Well, a couple of weeks later I asked him about it and he said that he DID like me just as much as Kate and he didn't know if he could ever really choose. He cleared up a lot of things for me and made everything better.
The next Sunday he came over for General Conference. We had fun, flirted, that sort of thing. Then when I walked him out to his car he kissed me. Just a quick kiss (perfect) and then he left. I called him when he got home and asked what it had meant and he told me that he'd chosen.
Three weekends later I went to his house and trunk-or-treat for a date. We held hands multiple times and by the end he kissed me again. I'd kept everything between us a secret from Kate, Nessa, and Mandy because he wanted to try and soften the blow for the two that liked him and Mandy at this point couldn't be trusted with important things. So I asked him and he said I could tell them and that I could call him my boyfriend.
I told Mandy and Nessa at Stake Conference the next day. Mandy and Nessa reacted well - both happy for me. Nessa had started to move on. I asked them to MENTION it to Kate so that maybe she'd call me up so I could explain it to her. They told her things I didn't necessarily say and stuff she didn't need to know, so she got really mad and upset. Levi tried to help her and let her know what was happening and tried to tie up any "loose ends" that there may have been.

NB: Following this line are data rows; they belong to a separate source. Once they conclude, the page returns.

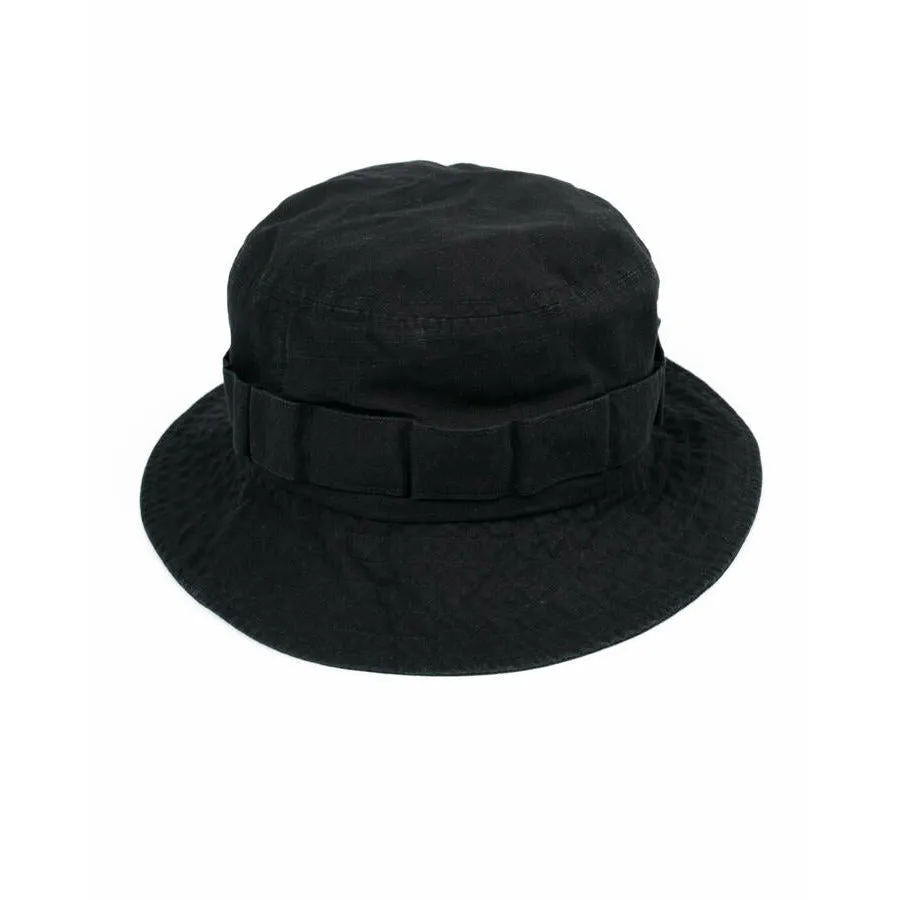 INDEPENDENT O.G B.C RIGID BOONIE HAT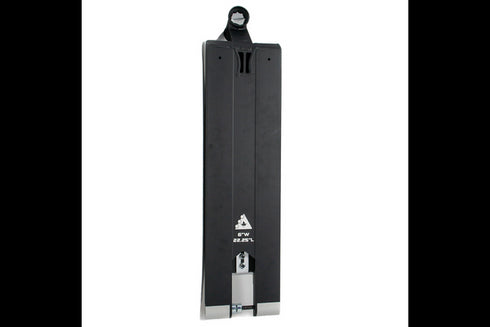 Trynyty Exodus Deck Black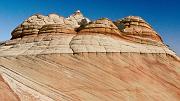 Coyote Buttes North  5381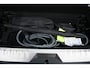 BMW 5-Serie Touring 530e Business Edition Plus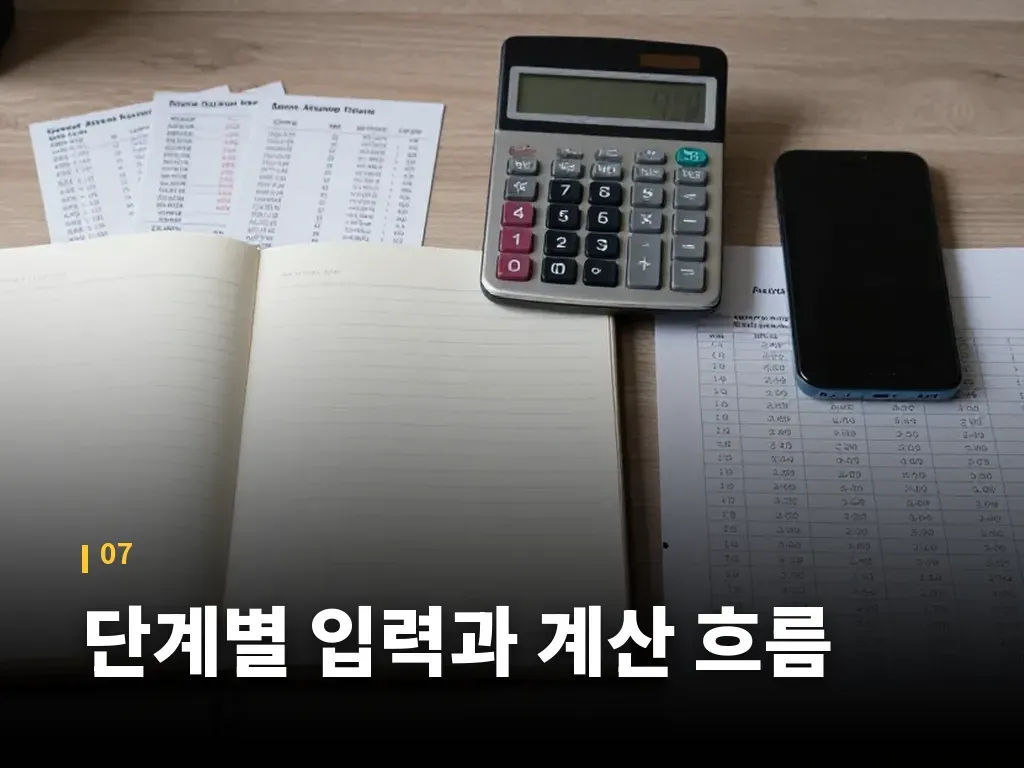 Q&A 이미지
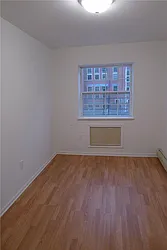 Rented by Voro NYC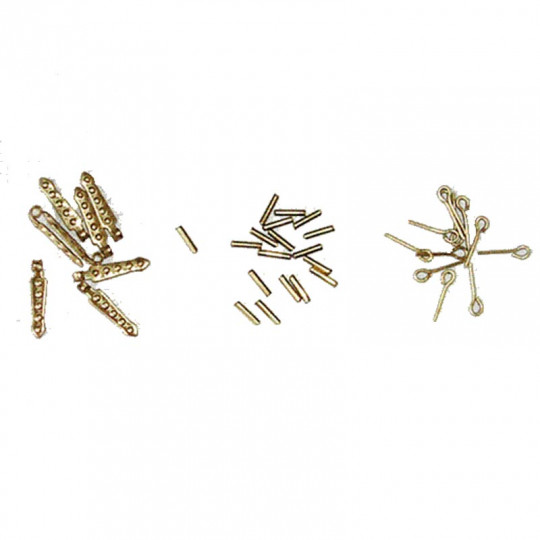 Sabord Scharnierscharnier...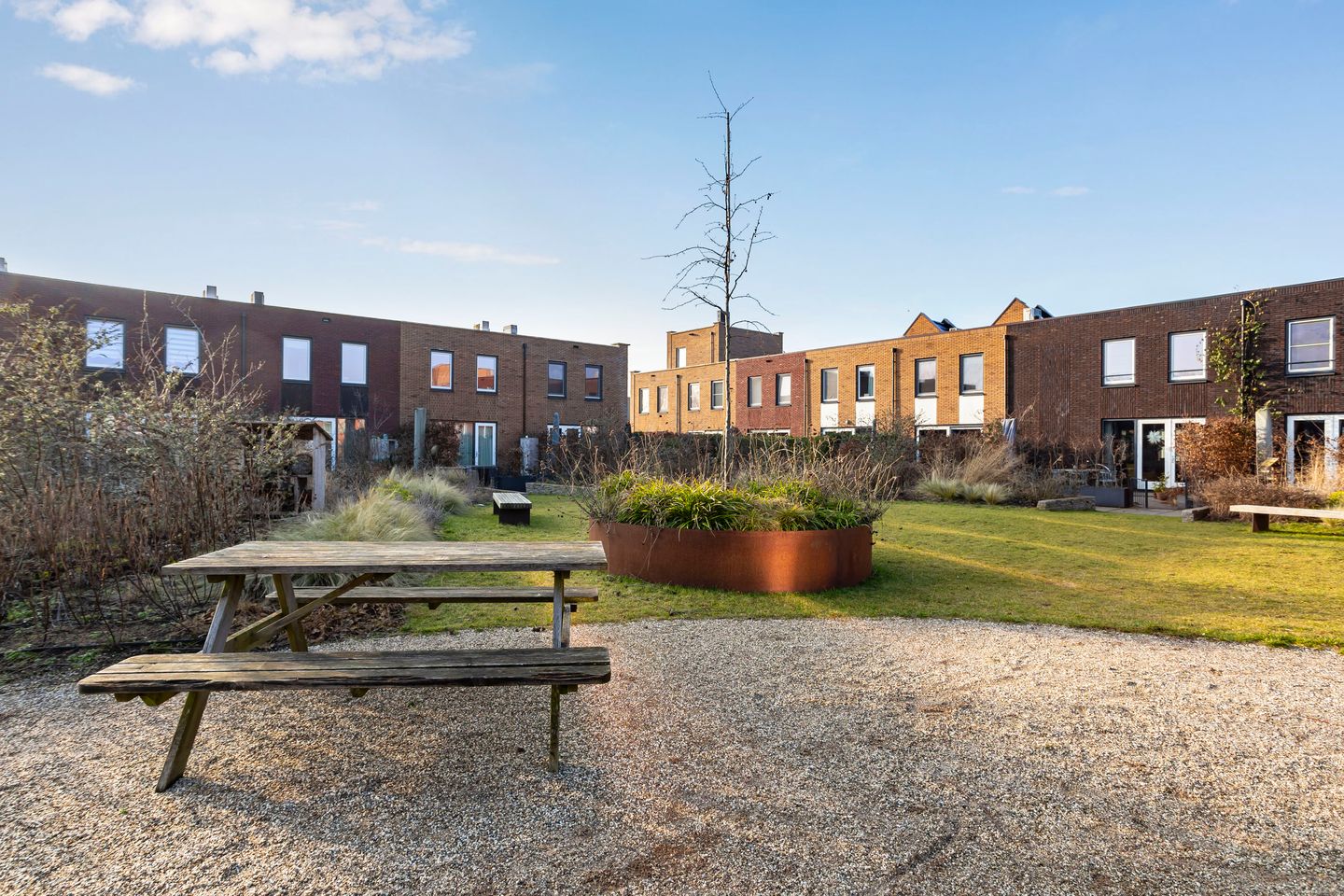 Foto 59 van Rijksdaalderplantsoen 17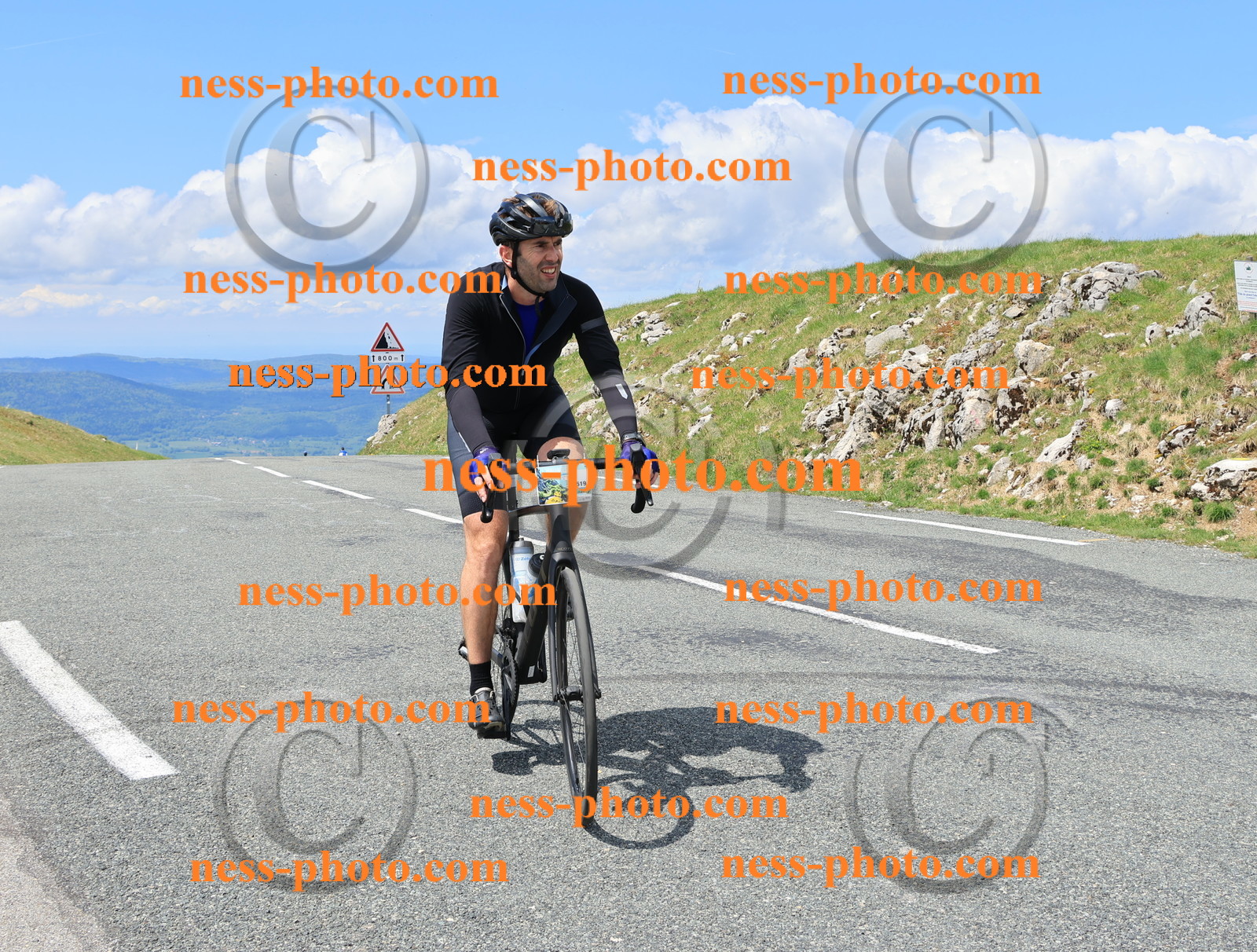 Col du Grand Colombier (2711).JPG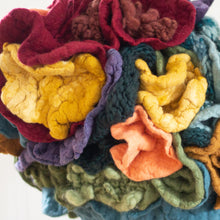 Load image into Gallery viewer, Wilhelmina Victoria Agape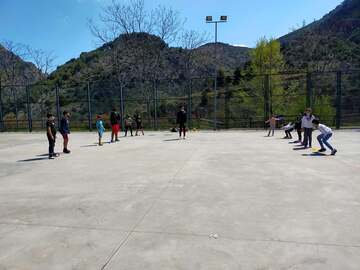 visita_jugadora_baloncesto_arnedillo_20_20210419_1499560490.jpg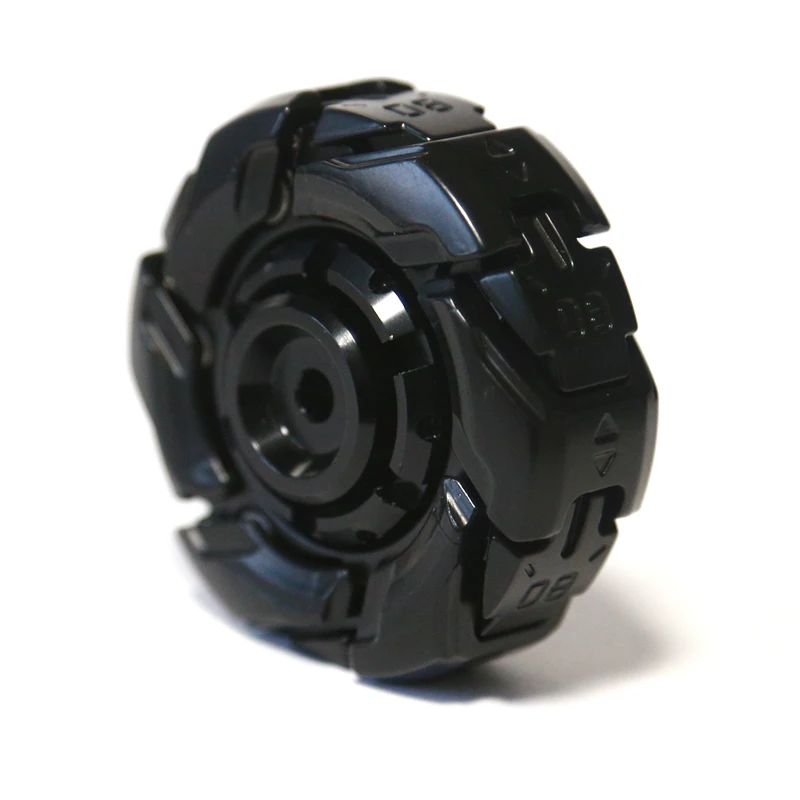 اليد سبينر الربط تململ سبينر الإصبع الدوران الضغط الإجهاد الإغاثة التوحد لعبة ألعاب متململة الكبار هدايا الطفل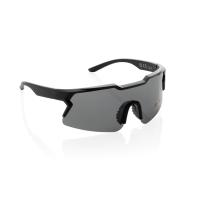 SproShield RCS plastic activity glasses with polarised lens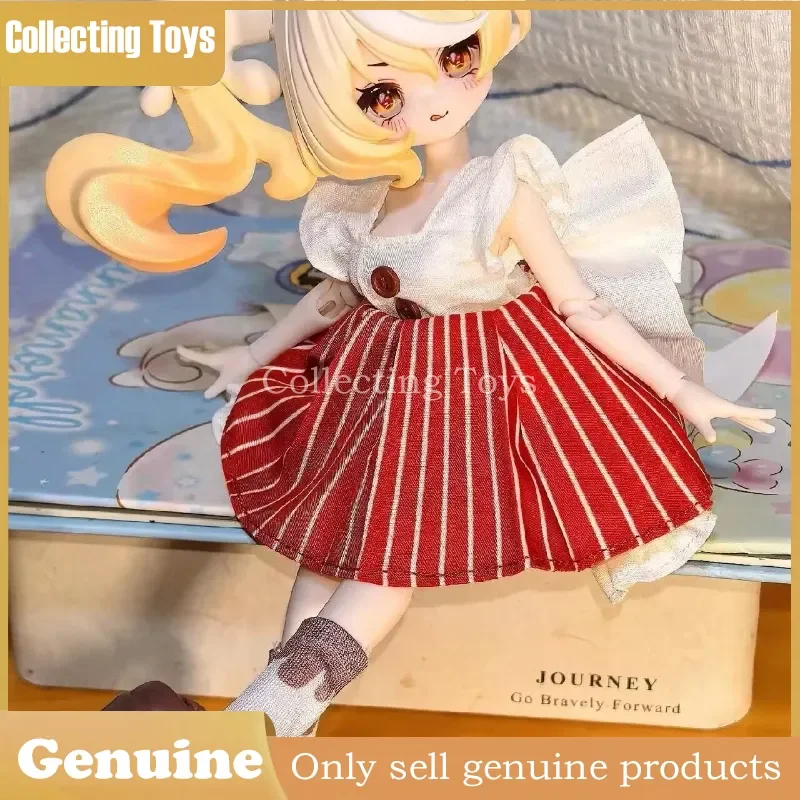 minty-3-little-lucky-spirits-series-genuine-1-12-bjd-blind-box-decoration-de-bureau-figurines-de-collection-boite-mystere-modeles-jouets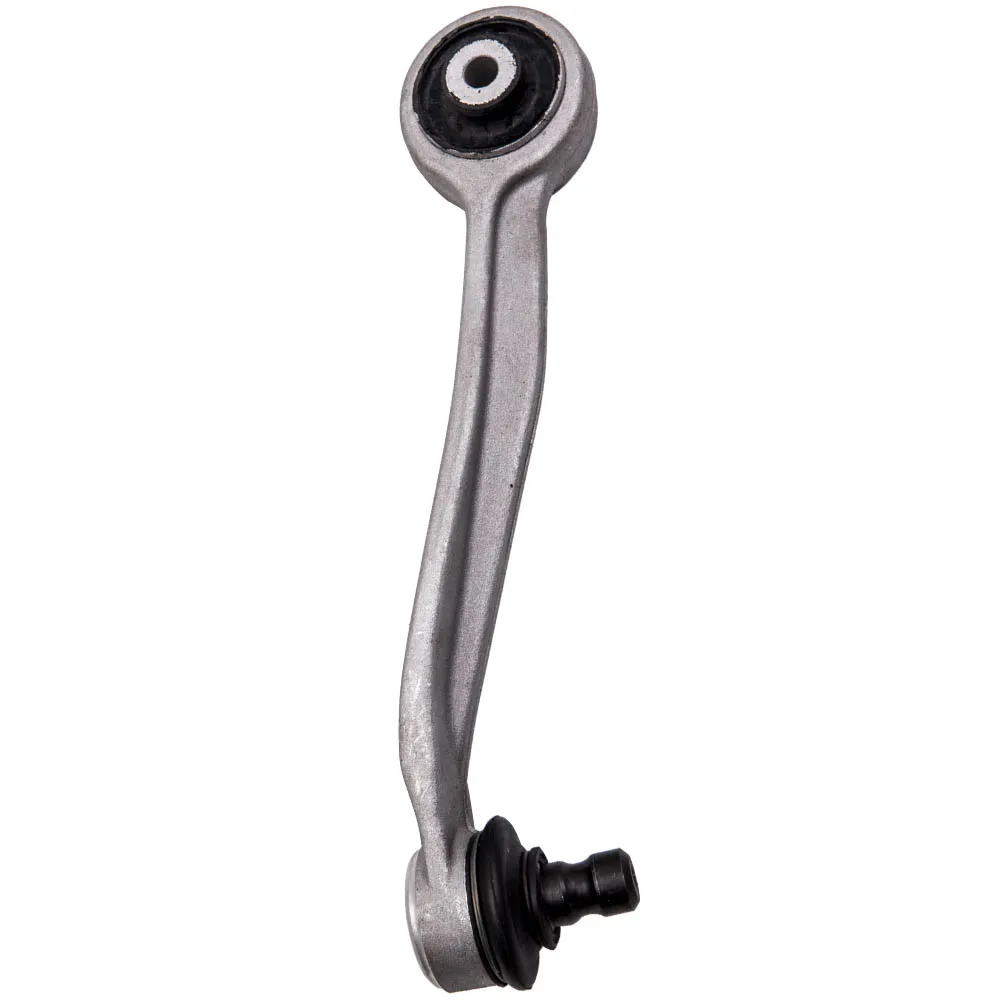 8K0407151C 8K0407151B For Audi A4 B8 A5 8t3 Q5 Front & Rear Suspension Control Arms Kit 8K0407151B 8K0407152B 8K0407510A
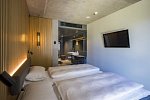 Zleep Hotel Zürich Kloten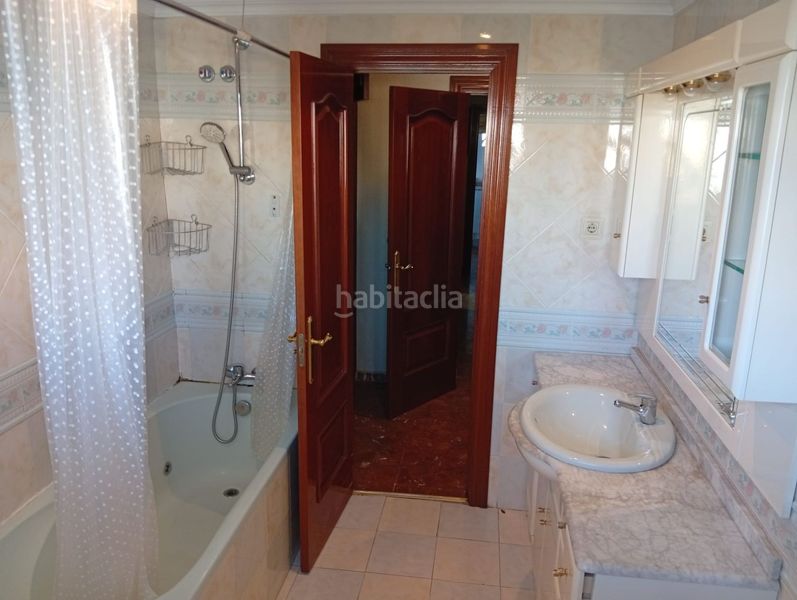 Foto cee29f92-5528-4e0d-b3fa-0fc91c6e6fa7. Pis a esperanto 8 a Carranque - Haza Cuevas Málaga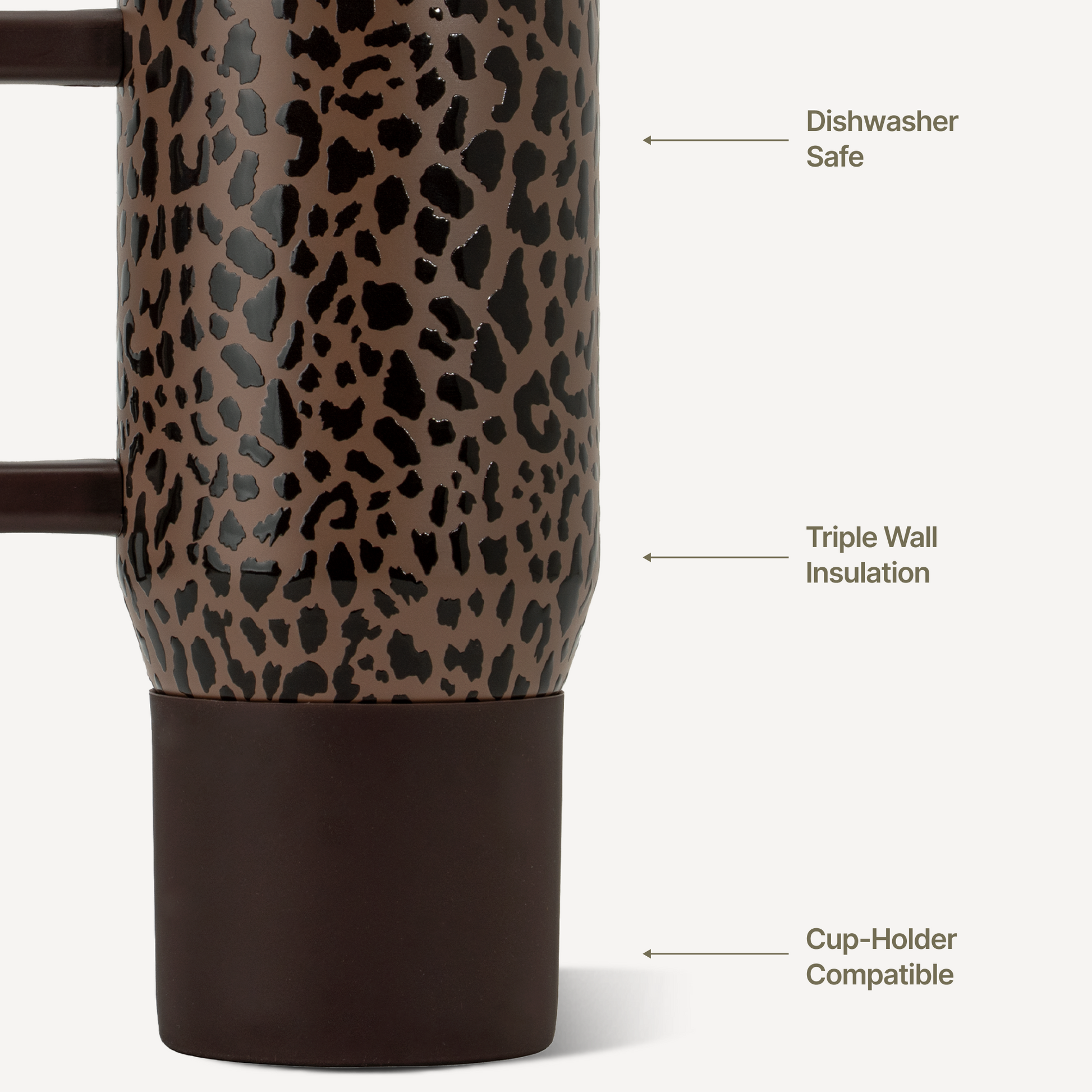 brown-leopard-20oz-592ml-l3 TRVL20-BrownLeopard-3-WPI.png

Two days later he then decided that he wasn't committed to me and that he wanted to date us both. This was very hurtful and difficult for me to take. I could see many problems arising with this proposed idea. Kate and I would begin to battle once more for his attention, that sort of thing.
I fasted and prayed for a month to get an answer and a month later, almost exactly, I got one. I broke it off with him after a month of being so emotionally in pain and so confused and hurt.
I didn't really start to get over him until I met Brian. Well, I met him at the Christmas Ball in 2009 but we started talking in February or March of 2010. Just little conversations here and there about our favorite show 24. Brian was going through the exact same thing I had been through with Levi, only with Kate being in the middle this time. So... I think it was February or March he came to me, asking how I'd gotten out of my little love triangle, so I told him and helped him through it.
On May 24th (yes, I remember the day... :]) we admitted that we liked each other. Whoo!
So, things started to get really good. He didn't want a relationship before his mission (it's his choice, so I understand, even if I'd feel "better" if we were in a relationship...) but I was okay with that. Our feelings kept getting stronger and stronger and things just kept getting better and better.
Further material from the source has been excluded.